Then the question of the distribution of the troops came on. First, we were led to believe, that we were to go to Auckland. This was pleasing, for many had no doubt made a few friends during our short stay there; but this did not come about. We were ordered into New Plymouth, where the remainder of the regiment was. It was sad news to some, who would have liked Auckland. For myself I can only say this, "Had I not gone into New Plymouth I should never have met the party I did, and I am sure had I searched every settlement in the whole colony I could never have been so well suited as with the one who has already shared over five and twenty years with me, and who I hope will yet share as many more." More than that would hardly be wise on my part to wish for.

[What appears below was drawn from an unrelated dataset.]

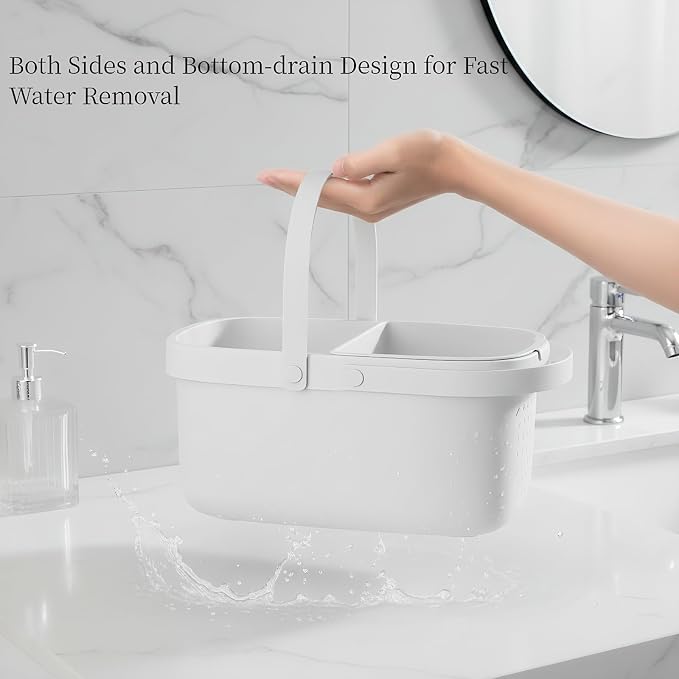 Pulseplay Plastic Shower Caddy Basket with Handle Portable Organizer Storage Basket with Drainage Holes for Bathroom College Dorm Bedroom Kitchen Gym (White)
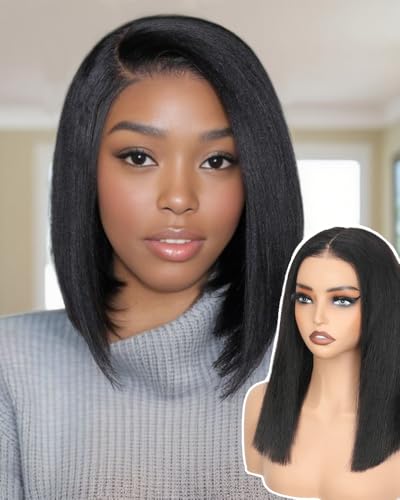 GUDOZO Bob Wig Human Hair Glueless Wigs Human Hair Pre Plucked Pre Cut Yaki Straight Human Hair Wig 180% Density 9x6 HD Lace Front Wigs for Black Women 14Inch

Into New Plymouth we went, and matters were quiet for a time. We furnished small detachments north of the town, viz., Bell Block, Mohoiti, and Waitara. Then there were several block-houses round the town, in each of these a small body of either troops or militia were located. Marsland Hill barracks was the chief centre for troops. I had a look at it in '86. Alas! what a change from the good old days of '61, 2, 3, and 4. I walked into the room formerly used as an orderly room. The room was there, and in one corner a bit of dirty straw on which some stray pig must have been in the habit of passing some of his spare time. Then I looked into the once pleasant Sergeants' mess-room, in which I had spent so many pleasant hours with comrades, many of whom have long joined their kindred dust. After viewing round I left with a sad heart, to think that the bright past, the association with true friends, was for ever gone.

I went outside and stood gazing townwards. On the very spot I had often gone to, at a certain hour named by arrangement, to give the signal to a dear little creature whether I should be out in the evening or not; but I could not see the place the signal was given to, for trees had grown up and shut out the view. I went also to the grave-yard to have a page 62 look at the "Obelisk" therein erected to the memory of the poor fellows who fell or died in this colony. The names of those on it will be found at the end of these reminiscences.

In roaming over the grave-yard seeking for graves of my lost comrades, as I would come to one, one perhaps concealing the remains of an intimate friend, (this I can say was the case at many), I noticed they were sadly in need of repair; and a year later, when the encampment was held in New Plymouth, on the very ground which was our rifle range in 1862, something was done in this respect; funds were collected, and among some of my Wairarapa friends a few pounds were made up and sent to Colonel Stopp, and as he had the repairs in hand I feel sure ample justice has been done, and I also feel sure that if funds are needed on any future occasion they will not be asked in vain. The old Die Hards will not be forgotten; they will die off, but their offspring will not be wanting on such occasions, I feel quite sure.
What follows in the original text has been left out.